In the framework of research and development (R&D) activities at CERN the Next European Dipole (NED) program is one which is to the development of a high-field dipole magnet using Nb_3Sn superconductors. Part of the NED activities is a design study of different possible dipole configurations which is shared amongst the collaborating institutes. This thesis covers the electromagnetic design study of an 88 mm large bore superconducting 15 T dipole magnet with a coil cross section in cos-theta-layer design. Based on analytically describable geometries the sources of multipole errors are studied and elementary estimations of the magnet are carried out, e.g., the required amount of superconductors or the influence of the iron yoke thickness on the field quality. The magnet cross section for NED is optimized by means of the CERN field computation program ROXIE. The preliminary NED design serves as starting point for the coil cross section optimization with respect to field quality and a radial positioning of the conductor blocks.

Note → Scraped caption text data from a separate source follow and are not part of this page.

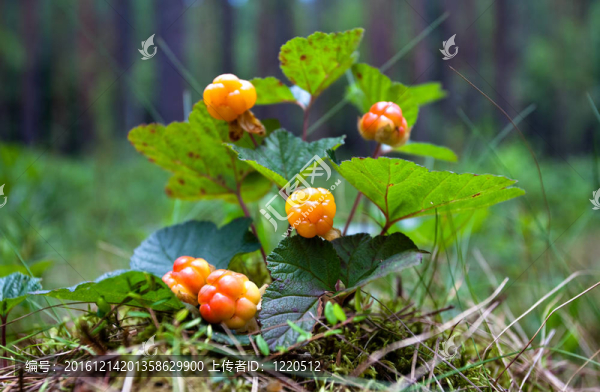 夏季莓特寫。新鮮的野生水果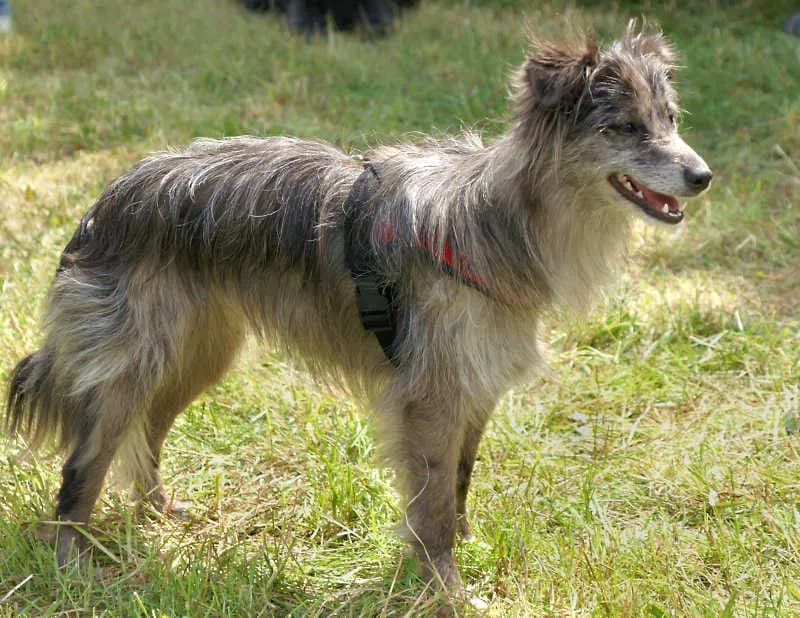 Pyrenean Sheepdog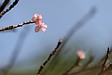 数年に一度の大寒波襲来、沖縄は桜が開花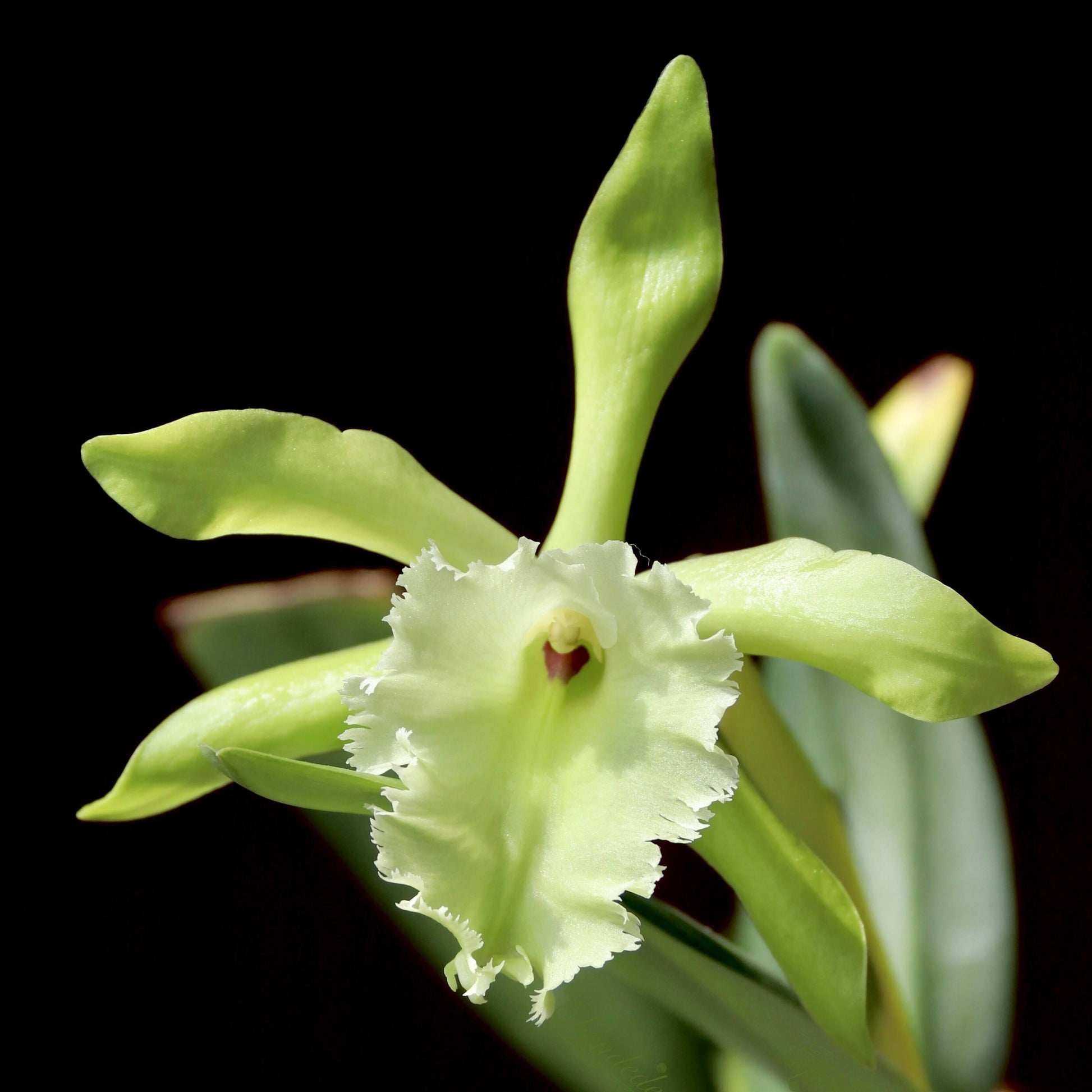 Rhyncholaelia Aristocrat is a primary orchid hybrid in the genus Rhyncholaelia, created by crossing the species Rhyncholaelia glauca and Rhyncholaelia digbyana.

Due to the high field of magnetic induction, the surrounding iron yoke saturates for high transport currents and the multipole errors vary with excitation. In order to reduce the variation, modifications of the iron yoke shape are studied, like, e.g., holes punched into the yoke laminations, a change of the outer yoke contour or an inner contour of elliptical shape. For an elliptically shaped inner iron yoke contour the coil cross section is again optimized resulting in the Reference Design V. 2 for the NED collaboration. The persistent current induced field errors are estimated for the present design and NED cable. Based on these results different compensation methods are investigated including ferromagnetic shims inside the cables, mounted on the cold bore tube or on the copper wedges.